Over at Management Exchange, Mike Richardson asks why is it that small and medium businesses who can least afford it are more likely to invest in human development, in the form of peer groups, than large corporations.
I've been exploring this issue over the last several months, but from a slightly different perspective. I've been asking why is it that Fortune 500 executives are so reluctant to leverage peer groups as a development tool for themselves or their teams. Peer groups are, after all, a proven and cost effective development tool. The answers provide a guide for selecting a peer group and a road map for peer group organizers.
In my interviews with over 50 Fortune 500 executives, I learned that most peer groups fail to meet five basic criteria. They say for a peer group to attract Fortune 500 executives it must:
- Be composed of equals. At their root the challenges facing executives in corporate America are not that much more complex than those facing SMB CEOs, but the political ramifications of the various ways to address them are. One of the major benefits of a peer group is the opportunity to brainstorm how to tackle these challenges in a safe environment. Safety can only come from sharing with people who understand the complexity not only of the corporate environment but of the functional responsibility. A chief financial officer is dealing with a very different set of risk/reward calculations than an EVP of Sales. An EVP of sales with an annual quota of $1 billion is likely dealing with a longer and more complex sales cycle than one with annual quota of $50 million.
- Be complementary. It's a given that peer groups must be void of competitors. But it is equally important the group include complementary companies. By complementary, I don't mean all members must be natural partners. That creates a terrific networking environment but limits the group's exposure to new ideas. Rather, the group should be comprised of companies with similar business models.
- Include a focus on development. It's an unfortunate truth that executives don't receive (or for that matter give) enough coaching and mentoring. A peer group be should be designed to offer career guidance and professional development through facilitation, guest speakers and sharing between members.
- Align guest speakers with member profiles and groups objectives. Guest speakers are critical to the quality of the group. They should be selected based on their ability to provide credible insight and alternative perspectives. Too often, typically due to lack of budget, peer group organizers mismatch guest speakers with the group's profile.

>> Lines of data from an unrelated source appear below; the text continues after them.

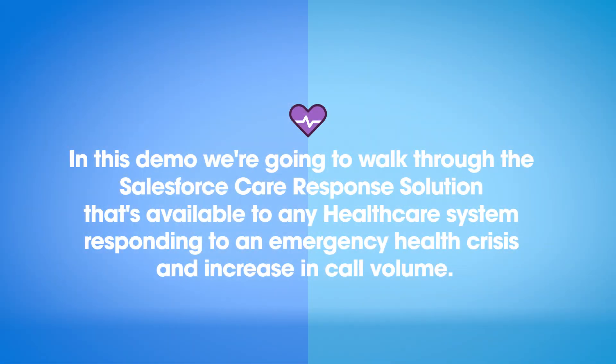In this demo, we're going to walk through the Salesforce Care Response Solution that's available to any healthcare system responding to an emergency health crisis and increasing call volume.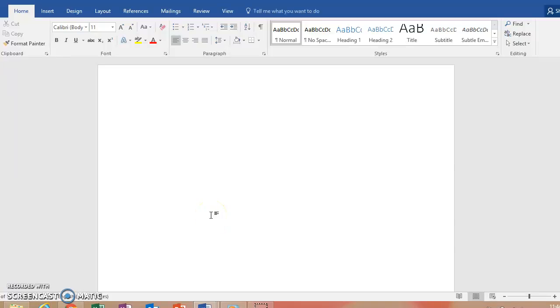Bonjour! I'm going to show you how to add some accents in Microsoft Word. So here I have opened a new document in Microsoft Word.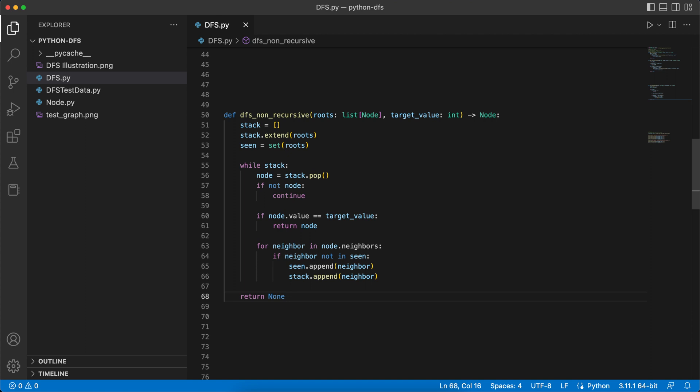If we cannot find the target value in the graph, we return None. In both implementations the time complexity is O(nodes + edges) in the graph. For space complexity, it's O(nodes) as we only store nodes in the set or on the stack.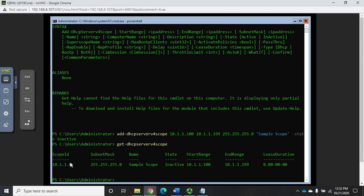Running 'Get-DhcpServerv4Scope' shows our scope: scope ID, subnet mask, name, state, start range, end range, and the lease duration — Microsoft's default of 8 days. The scope ID is important because when using other cmdlets that reference scopes, you identify it by scope ID, not by name. So make sure you know your scope ID, and if you don't, just run 'Get-DhcpServerv4Scope' to retrieve it.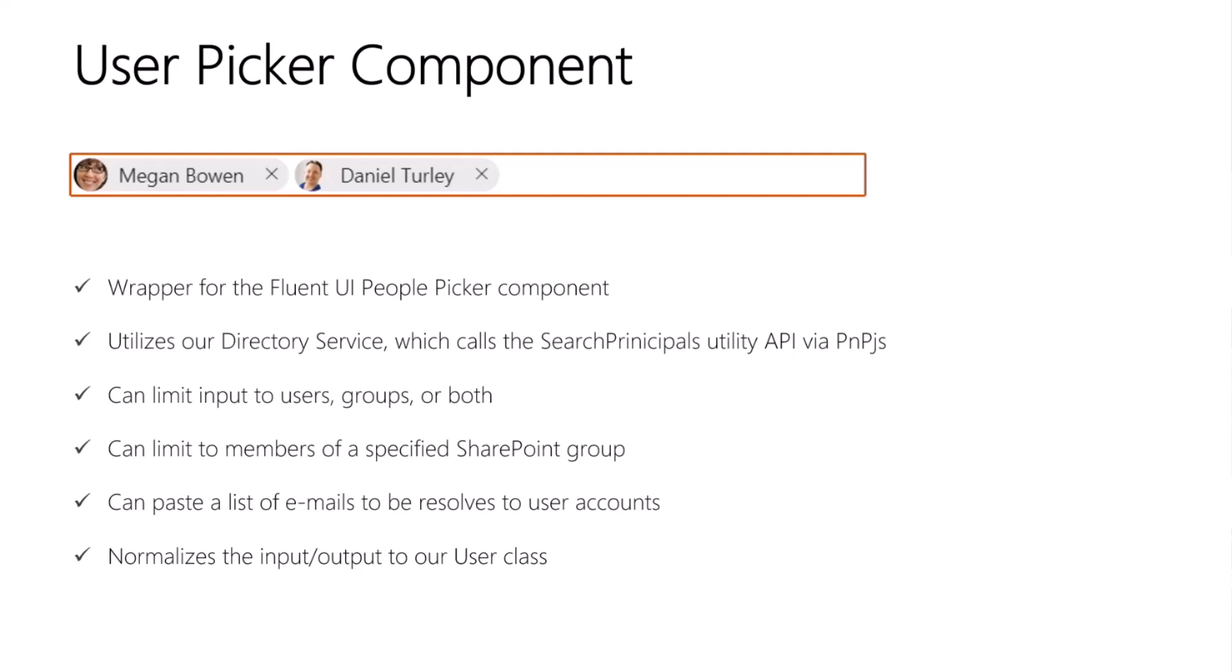So the Fluent UI uses the IPersonaProps interface to represent people. SPFx has the SPUser class. SharePoint has PrincipalInfo and SiteUser, as exposed by the PNP library. And of course, Graph has its own types. Our user class and this user picker component help to unify all those different concepts of a user.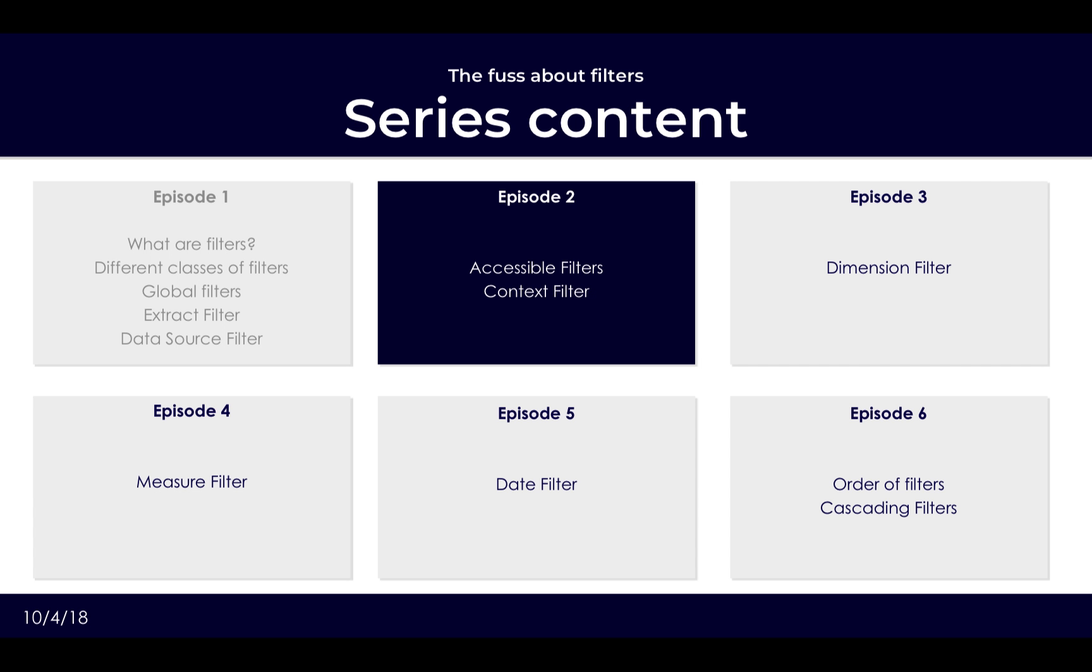So I hope you enjoyed the first installment of our filter series. Next we'll be looking at accessible filters and the different types of filters now that we've connected to our data and trimmed down a little bit already. Looking forward to see you next time and stay tuned.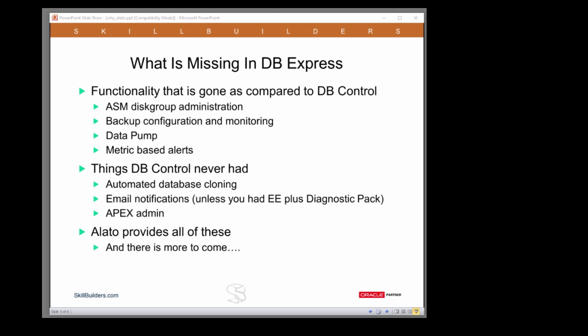The ability to clone databases as a one-off job or as a schedule. Notifications in standard edition. And because we are Apex people, we threw in some Apex admin too. Alato provides all of this functionality and we have plans for a whole lot more to come.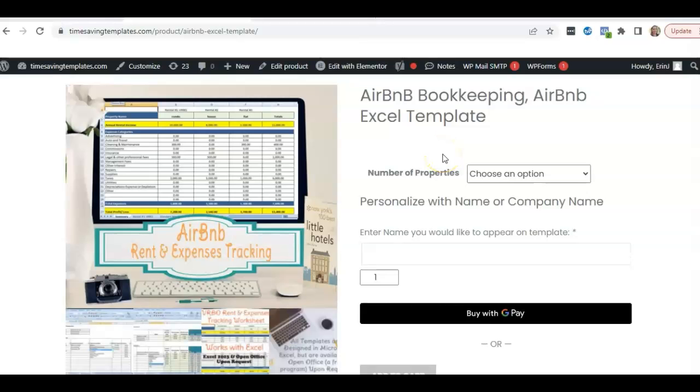Hey there, it's Erin with Time Saving Templates and today I'm going to be going over a quick demonstration of a template we have here at Time Saving Templates and that is for getting your Airbnb expenses and income organized.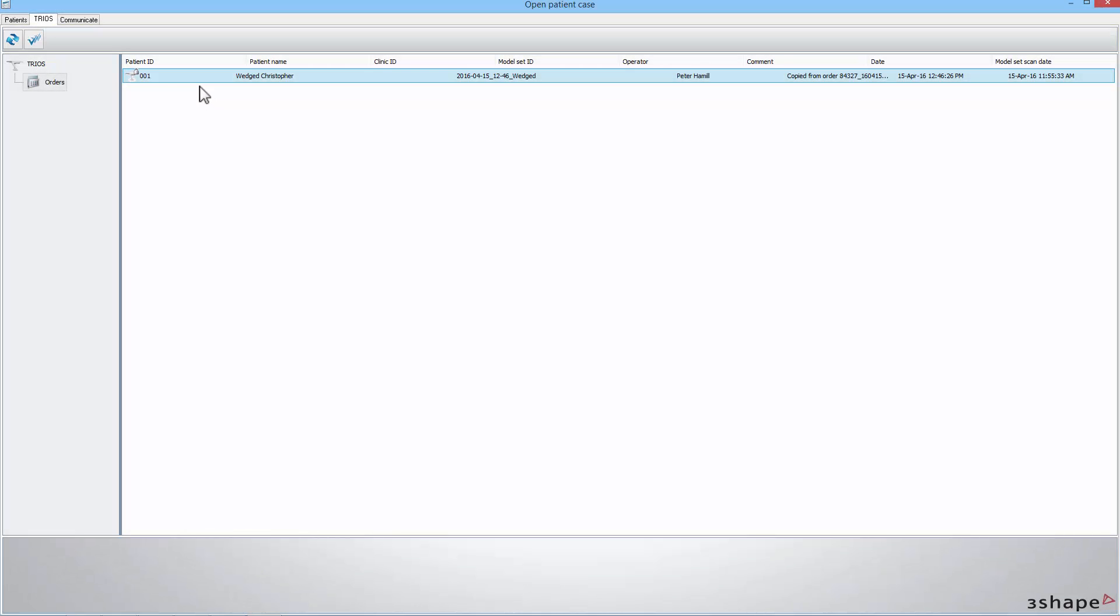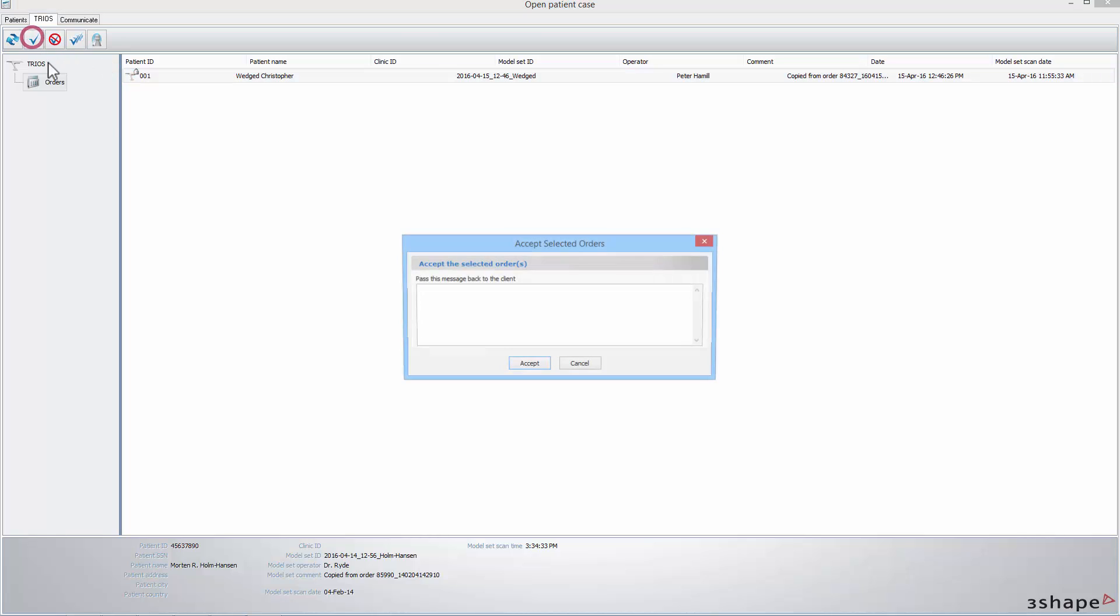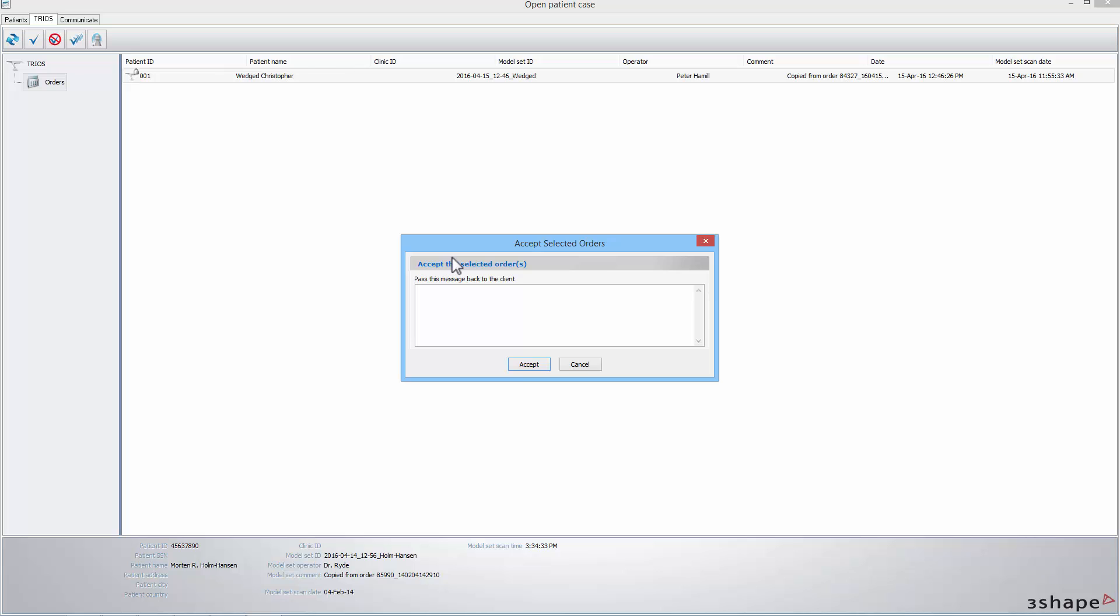To accept an order, click on it to select it, and then accept by clicking on the corresponding button in the bar in the upper left corner. In the pop-up window, click the Accept button.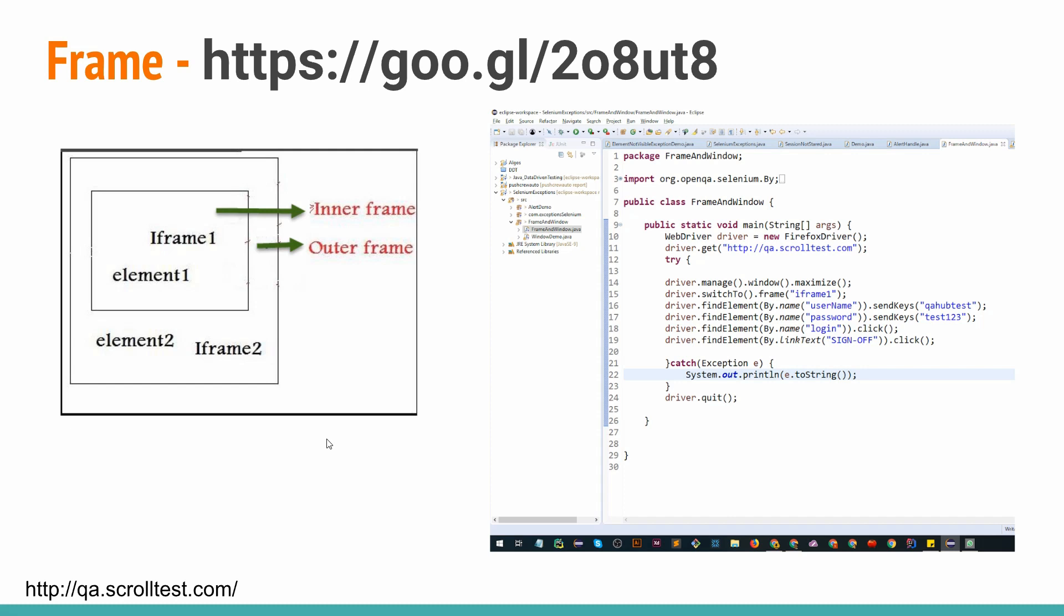We can do driver.switch to frame with the iframe ID. The similar code we are using here - we are maximizing the window, switching to frame i1, iframe one. We are entering the username, password and login and clicking the sign up button. If all the things are working fine, our switching of the iframe is working fine and we have successfully handled the frames in Selenium.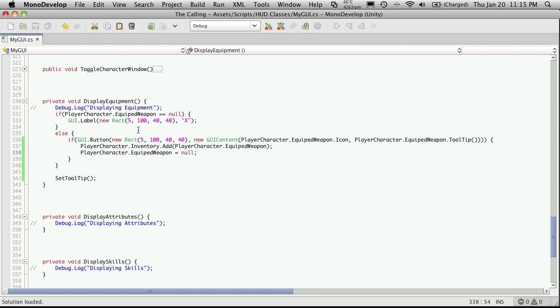Now, eventually, I want to come back through and make a check here to make sure that we actually have room in our inventory to put this item in before we try to unequip it. But since I haven't set up any bounds yet for how many items we can actually have in our inventory, I'll come back to it after we've done that.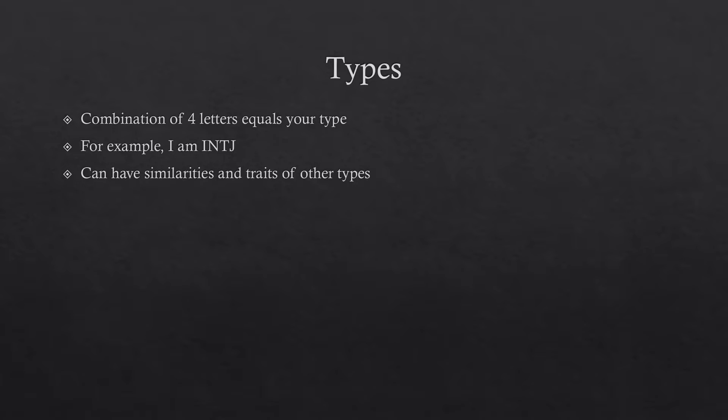All right. So then what happens then is you fucking take this test, which I'll have a link in the description later, but then a combination of your four letters equals your type. For example, I'm an INTJ, which means I tend to be introverted, intuitive, thinking, and then judging. But I mean, again, everything's a scale, so you can have similarities and traits of other types.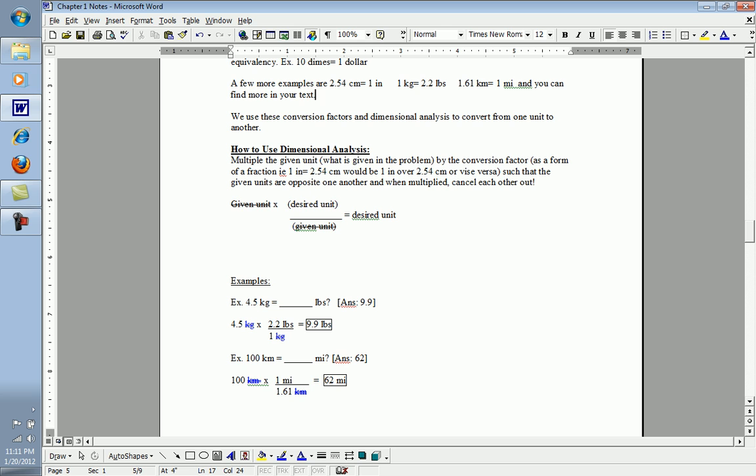Since 4.5 kilograms is my given unit, I will line them up such that the bottom of this particular fraction will be the kilogram. So one kilogram on the bottom, 2.2 pounds on top. Kilograms are eliminated, and then we will multiply everything on the top and divide by everything on the bottom. Just like multiplying two regular fractions. 4.5 times 2.2 is 9.9 divided by 1 is 9.9. The only unit remaining is the desired unit, which is pounds.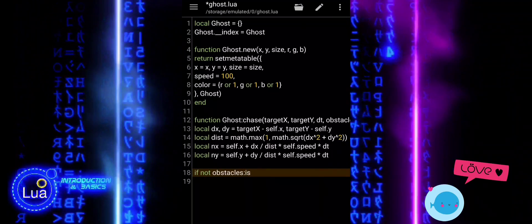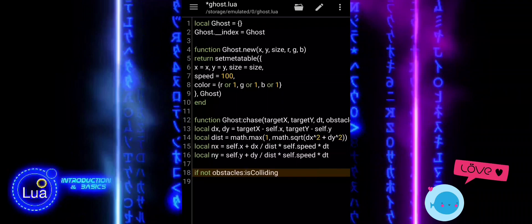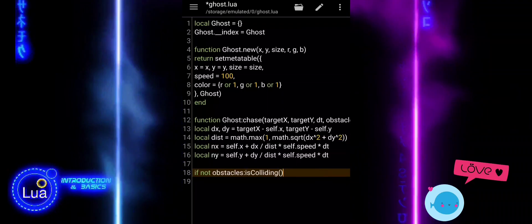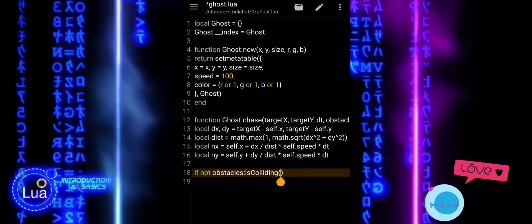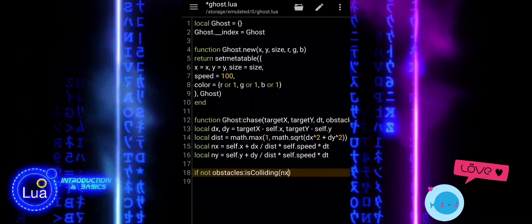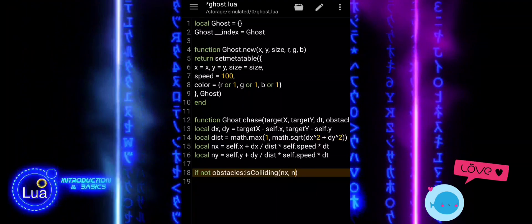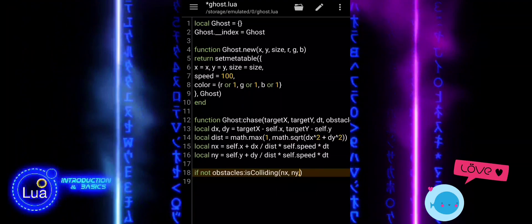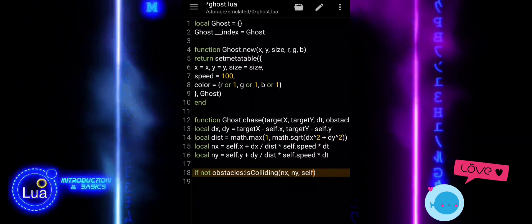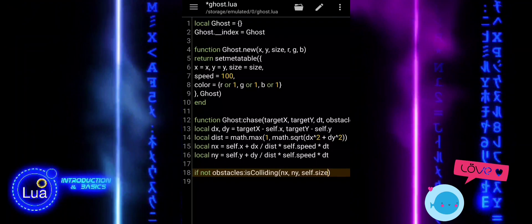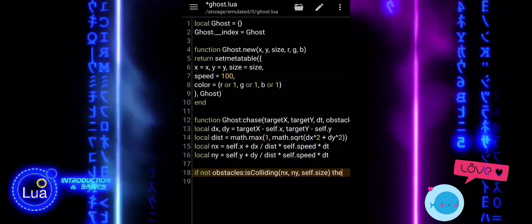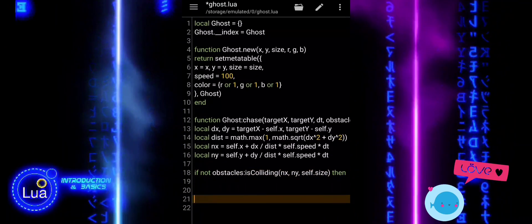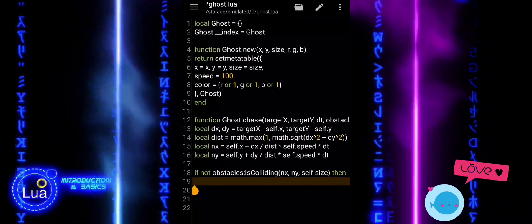Now we check if the ghost's new position would collide with any obstacles. We call obstacles.isColliding and pass in the new X and Y values along with the ghost's size. If there is no collision, meaning the ghost can safely move, we update the ghost's position by setting self.x and self.y to nx and ny.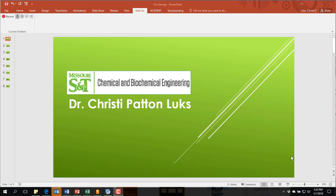Hello, this is Dr. Christy Patton-Lukes, a chemical engineering professor at Missouri S&T. In this video lesson, I'm going to teach you how to work example 3.4-1 out of Sandler's 5th edition textbook using Aspen Plus.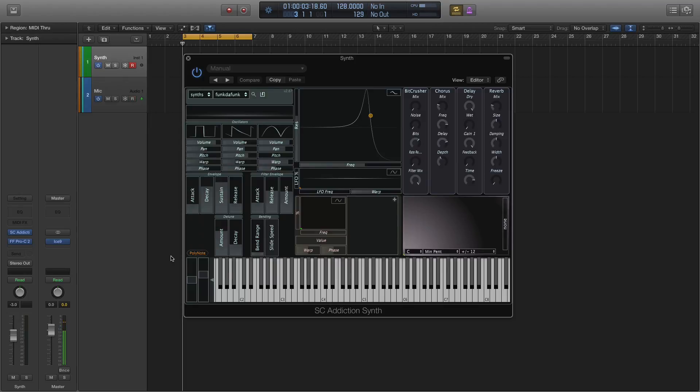Hi, this is Bill with Sonic Ninja. In this video we're going to take a look at SC Addiction Synth, which is a synthesizer plug-in from StageCraft Software.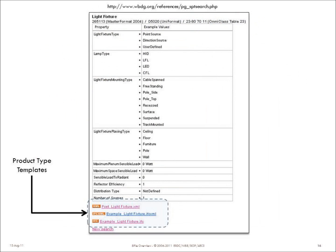Here's an example from the original product guide about light fixtures. You can see there's information about the type of light fixture — if it's a point source or directed source — what kind of lamps go in the fixture. You might be interested in finding out information about the heating load, the electrical requirement, or the reflector efficiency. These are things that are specific to light fixtures. That's a good way to see it, but it's not really a format we can use.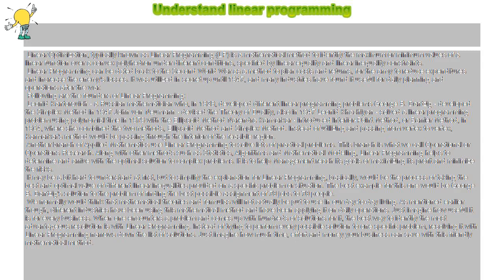It may be a bit hard to understand at first, but to simplify the explanation, linear programming is basically the process of finding the best and optimal value of different linear inequalities provided in a specific problem or situation.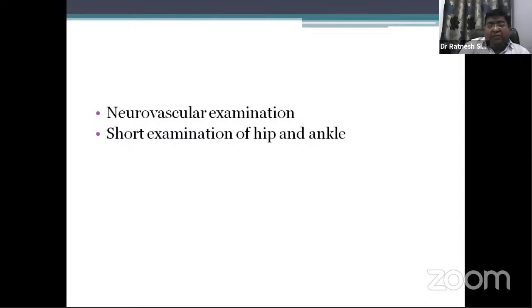Complete your examination with a neurovascular examination and a short examination of the hip and ankle. Thank you.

An author of a book on social media for local marketing will have little value for a group of Fortune 500 sales executives. At the same time, it important to use guest speakers to bring the group outside functional perspective. A group comprised of CIOs benefits greatly from hearing from chief marketing, customer or sales officers.
- Meet face to face. I know I'm going to get a lot of push back on this one. But executives (VP and up) in Fortune 500 companies I spoke to all agree, meeting face to face is absolutely essential to the success of the group. Supplemental web-based meetings can add value, but candor requires trust and trust is built much more slowly without face to face interactions. Equally important, it is too easy to multi-task and not really focus when meeting via web or conference calls.
The value of peer groups is undisputed. The key to success is organizing and selecting the group based on these five criteria. What else makes a good peer group in your opinion? Will you be joining one in 2013?